■ Problem statement ■
Below are the records; output them exactly from the first line through the line with "Yuanpgky Guarnizione di", stopping there.

■ Extracted data ■
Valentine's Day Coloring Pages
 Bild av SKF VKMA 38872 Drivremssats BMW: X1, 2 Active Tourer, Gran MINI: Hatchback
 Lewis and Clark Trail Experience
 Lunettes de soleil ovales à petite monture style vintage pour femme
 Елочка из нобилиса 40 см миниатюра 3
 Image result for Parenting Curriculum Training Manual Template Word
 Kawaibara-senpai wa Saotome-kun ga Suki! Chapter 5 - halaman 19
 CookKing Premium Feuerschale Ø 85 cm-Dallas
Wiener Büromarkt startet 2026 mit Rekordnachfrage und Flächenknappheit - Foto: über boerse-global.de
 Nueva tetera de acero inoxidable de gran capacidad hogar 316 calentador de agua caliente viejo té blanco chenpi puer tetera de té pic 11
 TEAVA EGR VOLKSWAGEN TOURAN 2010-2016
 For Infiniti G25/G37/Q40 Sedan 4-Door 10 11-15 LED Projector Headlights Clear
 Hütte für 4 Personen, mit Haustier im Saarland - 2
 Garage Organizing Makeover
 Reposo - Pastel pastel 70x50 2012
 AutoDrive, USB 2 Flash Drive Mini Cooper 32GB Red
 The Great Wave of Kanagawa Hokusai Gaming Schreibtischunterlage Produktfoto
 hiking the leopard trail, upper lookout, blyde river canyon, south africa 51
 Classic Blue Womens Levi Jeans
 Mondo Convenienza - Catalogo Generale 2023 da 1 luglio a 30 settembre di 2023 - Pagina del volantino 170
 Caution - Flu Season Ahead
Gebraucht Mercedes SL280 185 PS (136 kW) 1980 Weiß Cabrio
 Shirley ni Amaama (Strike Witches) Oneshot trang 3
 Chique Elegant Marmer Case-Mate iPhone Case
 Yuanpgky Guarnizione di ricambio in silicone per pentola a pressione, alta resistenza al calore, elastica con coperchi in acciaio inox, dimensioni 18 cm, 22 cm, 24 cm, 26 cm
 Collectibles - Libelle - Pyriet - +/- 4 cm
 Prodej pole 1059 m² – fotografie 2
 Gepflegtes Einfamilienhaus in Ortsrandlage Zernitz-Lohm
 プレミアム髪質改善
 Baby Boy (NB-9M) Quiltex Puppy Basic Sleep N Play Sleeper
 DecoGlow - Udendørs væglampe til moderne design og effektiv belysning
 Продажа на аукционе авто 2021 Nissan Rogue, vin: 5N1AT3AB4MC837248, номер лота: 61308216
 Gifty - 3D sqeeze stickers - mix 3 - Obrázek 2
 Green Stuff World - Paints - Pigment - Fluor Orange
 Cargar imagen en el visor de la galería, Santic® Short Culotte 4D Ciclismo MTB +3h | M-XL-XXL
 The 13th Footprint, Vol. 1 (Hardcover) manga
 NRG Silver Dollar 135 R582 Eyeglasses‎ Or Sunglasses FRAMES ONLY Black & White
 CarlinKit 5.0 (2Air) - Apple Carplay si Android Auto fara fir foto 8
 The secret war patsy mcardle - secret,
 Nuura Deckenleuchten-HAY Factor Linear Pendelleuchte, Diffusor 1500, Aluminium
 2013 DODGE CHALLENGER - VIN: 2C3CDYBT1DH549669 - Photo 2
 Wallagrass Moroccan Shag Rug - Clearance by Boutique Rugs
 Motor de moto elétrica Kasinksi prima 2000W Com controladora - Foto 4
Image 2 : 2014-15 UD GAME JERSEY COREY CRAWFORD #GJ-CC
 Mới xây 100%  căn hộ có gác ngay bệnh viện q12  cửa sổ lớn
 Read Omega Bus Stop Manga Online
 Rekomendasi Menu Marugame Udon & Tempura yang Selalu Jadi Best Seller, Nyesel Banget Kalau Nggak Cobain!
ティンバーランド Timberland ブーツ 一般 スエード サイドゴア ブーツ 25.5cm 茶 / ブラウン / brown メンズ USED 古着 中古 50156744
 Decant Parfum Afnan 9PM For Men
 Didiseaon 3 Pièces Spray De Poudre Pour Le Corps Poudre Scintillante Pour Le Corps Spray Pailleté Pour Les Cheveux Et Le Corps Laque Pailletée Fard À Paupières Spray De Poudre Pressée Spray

■ Written answer ■
Valentine's Day Coloring Pages
 Bild av SKF VKMA 38872 Drivremssats BMW: X1, 2 Active Tourer, Gran MINI: Hatchback
 Lewis and Clark Trail Experience
 Lunettes de soleil ovales à petite monture style vintage pour femme
 Елочка из нобилиса 40 см миниатюра 3
 Image result for Parenting Curriculum Training Manual Template Word
 Kawaibara-senpai wa Saotome-kun ga Suki! Chapter 5 - halaman 19
 CookKing Premium Feuerschale Ø 85 cm-Dallas
Wiener Büromarkt startet 2026 mit Rekordnachfrage und Flächenknappheit - Foto: über boerse-global.de
 Nueva tetera de acero inoxidable de gran capacidad hogar 316 calentador de agua caliente viejo té blanco chenpi puer tetera de té pic 11
 TEAVA EGR VOLKSWAGEN TOURAN 2010-2016
 For Infiniti G25/G37/Q40 Sedan 4-Door 10 11-15 LED Projector Headlights Clear
 Hütte für 4 Personen, mit Haustier im Saarland - 2
 Garage Organizing Makeover
 Reposo - Pastel pastel 70x50 2012
 AutoDrive, USB 2 Flash Drive Mini Cooper 32GB Red
 The Great Wave of Kanagawa Hokusai Gaming Schreibtischunterlage Produktfoto
 hiking the leopard trail, upper lookout, blyde river canyon, south africa 51
 Classic Blue Womens Levi Jeans
 Mondo Convenienza - Catalogo Generale 2023 da 1 luglio a 30 settembre di 2023 - Pagina del volantino 170
 Caution - Flu Season Ahead
Gebraucht Mercedes SL280 185 PS (136 kW) 1980 Weiß Cabrio
 Shirley ni Amaama (Strike Witches) Oneshot trang 3
 Chique Elegant Marmer Case-Mate iPhone Case
 Yuanpgky Guarnizione di ricambio in silicone per pentola a pressione, alta resistenza al calore, elastica con coperchi in acciaio inox, dimensioni 18 cm, 22 cm, 24 cm, 26 cm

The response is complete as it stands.